The purpose of this study was to examine the relationship between serum selenium (Se) levels and lipid subfraction among Egyptian type 2 diabetes patients and their association with the severity of the disease. The study was conducted on 60 type 2 diabetic adults with BMI <30 divided according to disease duration into two groups: group 1 with disease duration less than 5 years and group 2 with a disease duration more than 5 years. Thirty age- and sex-matched apparently healthy volunteers were considered as the control group. Serum selenium was measured by atomic absorption spectrometry lipid subfractions including small dense low density lipoprotein (sd LDL) which was measured by enzyme-linked immunosorbent assay and glycated hemoglobin (HbA1c) by high-performance liquid chromatography. All participants do not receive Se supplementation. The mean serum Se level in participants with diabetes was as follows: group 2 = 62.70 ± 5.73, group 1 = 70.58 ± 4.158, and control subjects = 79.80 ± 5.37 μg/l (p = 0.00). Se was found to be an independent protective factor with an OR of 0.29 and 95 % CI of 0.06–1.3. Mean serum sd LDL in participants with diabetes was as follows: group 2 = 43.81 ± 13.70, group 1 = 25.77 ± 5.28, and control group = 15.99 ± 5.32 (p = 0.00). Correlation study, between studied parameters, revealed positive correlation between sd LDL and apolipoprotein B (Apo B) (r = 0.730, p = 0.001). On the other hand, negative correlation was encountered between apolipoprotein A (Apo A) and Apo B (r = −0.514, p = 0.001) as well as Apo A and sd LDL (r = −0.697, p = 0.001).

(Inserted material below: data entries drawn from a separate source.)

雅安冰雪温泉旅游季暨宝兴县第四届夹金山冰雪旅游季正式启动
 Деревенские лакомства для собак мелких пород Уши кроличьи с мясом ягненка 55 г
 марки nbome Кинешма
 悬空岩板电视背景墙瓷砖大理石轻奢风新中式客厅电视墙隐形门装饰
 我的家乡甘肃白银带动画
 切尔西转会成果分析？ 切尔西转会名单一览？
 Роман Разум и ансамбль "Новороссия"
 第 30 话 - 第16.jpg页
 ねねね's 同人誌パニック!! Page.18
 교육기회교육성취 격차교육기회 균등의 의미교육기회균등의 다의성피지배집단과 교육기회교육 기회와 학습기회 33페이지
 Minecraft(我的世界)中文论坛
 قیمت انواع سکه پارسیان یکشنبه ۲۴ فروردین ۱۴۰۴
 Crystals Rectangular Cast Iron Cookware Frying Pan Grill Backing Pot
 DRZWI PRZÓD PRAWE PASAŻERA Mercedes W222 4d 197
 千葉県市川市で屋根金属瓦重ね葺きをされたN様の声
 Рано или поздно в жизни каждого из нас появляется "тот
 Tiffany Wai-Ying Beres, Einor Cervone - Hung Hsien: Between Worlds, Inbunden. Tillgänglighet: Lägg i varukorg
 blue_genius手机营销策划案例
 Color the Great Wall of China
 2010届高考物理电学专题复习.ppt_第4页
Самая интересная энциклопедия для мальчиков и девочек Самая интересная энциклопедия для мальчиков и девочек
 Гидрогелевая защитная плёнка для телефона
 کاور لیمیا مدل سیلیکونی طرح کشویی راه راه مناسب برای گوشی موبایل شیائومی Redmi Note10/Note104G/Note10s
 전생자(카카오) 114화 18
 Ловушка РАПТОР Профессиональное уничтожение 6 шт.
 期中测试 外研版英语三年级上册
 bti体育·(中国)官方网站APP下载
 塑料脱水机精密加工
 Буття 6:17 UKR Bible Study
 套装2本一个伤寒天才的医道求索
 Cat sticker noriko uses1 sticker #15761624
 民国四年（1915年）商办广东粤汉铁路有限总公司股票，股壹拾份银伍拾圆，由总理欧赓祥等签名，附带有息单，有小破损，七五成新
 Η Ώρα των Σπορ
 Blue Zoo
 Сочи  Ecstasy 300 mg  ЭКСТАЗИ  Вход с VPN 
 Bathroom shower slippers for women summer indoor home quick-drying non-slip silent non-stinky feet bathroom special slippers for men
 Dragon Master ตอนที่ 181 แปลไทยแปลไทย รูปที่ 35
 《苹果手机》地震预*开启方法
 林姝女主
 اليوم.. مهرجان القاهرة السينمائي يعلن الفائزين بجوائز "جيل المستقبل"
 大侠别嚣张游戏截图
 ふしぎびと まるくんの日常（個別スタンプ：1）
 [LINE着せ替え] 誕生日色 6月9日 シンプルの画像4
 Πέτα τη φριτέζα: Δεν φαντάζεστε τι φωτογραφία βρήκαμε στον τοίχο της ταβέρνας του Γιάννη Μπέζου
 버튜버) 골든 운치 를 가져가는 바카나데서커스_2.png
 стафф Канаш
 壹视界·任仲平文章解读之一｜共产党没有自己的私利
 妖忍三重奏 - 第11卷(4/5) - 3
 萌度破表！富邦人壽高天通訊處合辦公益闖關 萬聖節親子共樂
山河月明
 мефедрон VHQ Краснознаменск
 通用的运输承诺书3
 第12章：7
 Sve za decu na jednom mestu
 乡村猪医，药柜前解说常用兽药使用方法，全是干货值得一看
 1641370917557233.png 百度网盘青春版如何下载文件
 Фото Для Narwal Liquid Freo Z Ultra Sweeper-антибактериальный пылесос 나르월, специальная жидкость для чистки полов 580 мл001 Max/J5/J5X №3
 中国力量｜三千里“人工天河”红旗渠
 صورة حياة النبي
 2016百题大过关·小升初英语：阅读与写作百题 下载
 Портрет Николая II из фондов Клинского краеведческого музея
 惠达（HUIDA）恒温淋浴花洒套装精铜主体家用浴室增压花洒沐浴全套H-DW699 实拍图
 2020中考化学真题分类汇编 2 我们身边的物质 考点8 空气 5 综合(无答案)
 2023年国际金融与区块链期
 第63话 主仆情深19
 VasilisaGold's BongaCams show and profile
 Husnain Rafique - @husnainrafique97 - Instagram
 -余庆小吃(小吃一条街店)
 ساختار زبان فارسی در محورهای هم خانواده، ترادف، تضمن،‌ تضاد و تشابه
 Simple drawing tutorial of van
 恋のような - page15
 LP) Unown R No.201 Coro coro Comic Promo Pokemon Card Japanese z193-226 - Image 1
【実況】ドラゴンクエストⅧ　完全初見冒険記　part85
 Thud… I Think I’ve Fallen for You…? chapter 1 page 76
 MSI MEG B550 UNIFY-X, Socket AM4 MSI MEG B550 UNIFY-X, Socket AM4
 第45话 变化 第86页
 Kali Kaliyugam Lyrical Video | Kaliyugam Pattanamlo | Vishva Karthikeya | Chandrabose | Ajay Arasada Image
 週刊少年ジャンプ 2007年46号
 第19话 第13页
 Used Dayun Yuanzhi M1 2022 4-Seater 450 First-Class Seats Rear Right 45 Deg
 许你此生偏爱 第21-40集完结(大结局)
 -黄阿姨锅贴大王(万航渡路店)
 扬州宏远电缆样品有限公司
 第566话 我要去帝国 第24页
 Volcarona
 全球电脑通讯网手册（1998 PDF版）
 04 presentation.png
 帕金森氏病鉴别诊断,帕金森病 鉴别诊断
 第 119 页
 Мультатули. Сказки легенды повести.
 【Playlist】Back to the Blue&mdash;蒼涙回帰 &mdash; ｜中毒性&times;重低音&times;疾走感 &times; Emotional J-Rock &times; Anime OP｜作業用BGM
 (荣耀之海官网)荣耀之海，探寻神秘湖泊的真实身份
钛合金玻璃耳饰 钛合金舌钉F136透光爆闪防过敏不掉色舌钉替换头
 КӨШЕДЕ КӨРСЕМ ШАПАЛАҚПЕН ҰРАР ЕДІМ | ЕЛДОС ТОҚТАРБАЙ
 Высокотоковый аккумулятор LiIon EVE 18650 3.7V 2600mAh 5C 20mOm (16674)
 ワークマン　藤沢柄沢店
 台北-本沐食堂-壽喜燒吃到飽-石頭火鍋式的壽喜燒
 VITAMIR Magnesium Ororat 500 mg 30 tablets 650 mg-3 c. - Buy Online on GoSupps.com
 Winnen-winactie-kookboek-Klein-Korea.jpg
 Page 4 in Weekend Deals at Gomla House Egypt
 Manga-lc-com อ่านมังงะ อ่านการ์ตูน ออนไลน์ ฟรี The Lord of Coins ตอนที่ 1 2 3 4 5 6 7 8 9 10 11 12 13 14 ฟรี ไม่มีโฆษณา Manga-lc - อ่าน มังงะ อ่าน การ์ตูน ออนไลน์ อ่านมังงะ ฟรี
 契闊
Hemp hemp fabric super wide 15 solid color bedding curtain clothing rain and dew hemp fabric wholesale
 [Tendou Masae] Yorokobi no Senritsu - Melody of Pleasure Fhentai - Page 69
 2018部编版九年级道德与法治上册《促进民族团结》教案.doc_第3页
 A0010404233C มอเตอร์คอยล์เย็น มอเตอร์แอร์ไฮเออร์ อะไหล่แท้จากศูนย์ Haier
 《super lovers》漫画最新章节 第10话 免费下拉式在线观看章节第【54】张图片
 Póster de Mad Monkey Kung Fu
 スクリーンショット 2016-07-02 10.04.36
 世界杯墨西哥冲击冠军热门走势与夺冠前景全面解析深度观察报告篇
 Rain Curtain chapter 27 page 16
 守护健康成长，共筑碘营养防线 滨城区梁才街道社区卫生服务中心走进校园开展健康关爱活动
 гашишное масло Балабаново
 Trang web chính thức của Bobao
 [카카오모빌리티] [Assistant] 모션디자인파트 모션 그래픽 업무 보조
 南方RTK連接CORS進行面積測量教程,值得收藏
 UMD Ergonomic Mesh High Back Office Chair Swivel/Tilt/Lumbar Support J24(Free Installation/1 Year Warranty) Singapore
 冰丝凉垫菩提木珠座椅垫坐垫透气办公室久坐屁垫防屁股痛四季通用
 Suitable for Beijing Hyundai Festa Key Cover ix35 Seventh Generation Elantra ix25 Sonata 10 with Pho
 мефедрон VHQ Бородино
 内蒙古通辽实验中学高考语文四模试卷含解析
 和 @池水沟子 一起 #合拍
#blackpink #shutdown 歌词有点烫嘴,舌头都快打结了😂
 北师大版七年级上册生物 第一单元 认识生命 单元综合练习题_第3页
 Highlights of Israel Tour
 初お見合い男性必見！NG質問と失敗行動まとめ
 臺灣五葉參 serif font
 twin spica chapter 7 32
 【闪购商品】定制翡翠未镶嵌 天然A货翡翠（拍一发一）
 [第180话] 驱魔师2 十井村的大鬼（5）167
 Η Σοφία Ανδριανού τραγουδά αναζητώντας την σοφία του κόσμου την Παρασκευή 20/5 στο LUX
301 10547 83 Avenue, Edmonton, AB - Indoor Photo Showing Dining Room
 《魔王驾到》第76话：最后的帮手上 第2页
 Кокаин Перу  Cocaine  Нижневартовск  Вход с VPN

Selenium correlated negatively with both Apo B (r = −0.669, p = 0.001) and sd LDL (r = −0.671, p = 0.001) and positively with Apo A (r = 0.513, p = 0.001). In a sample of the Egyptian population, low serum Se levels were positively associated with the prevalence of diabetes. Until findings from prospective studies and randomized controlled trials are available, Se intake, including Se supplementation, should be recommended for primary or secondary diabetes prevention in populations with inadequate selenium status.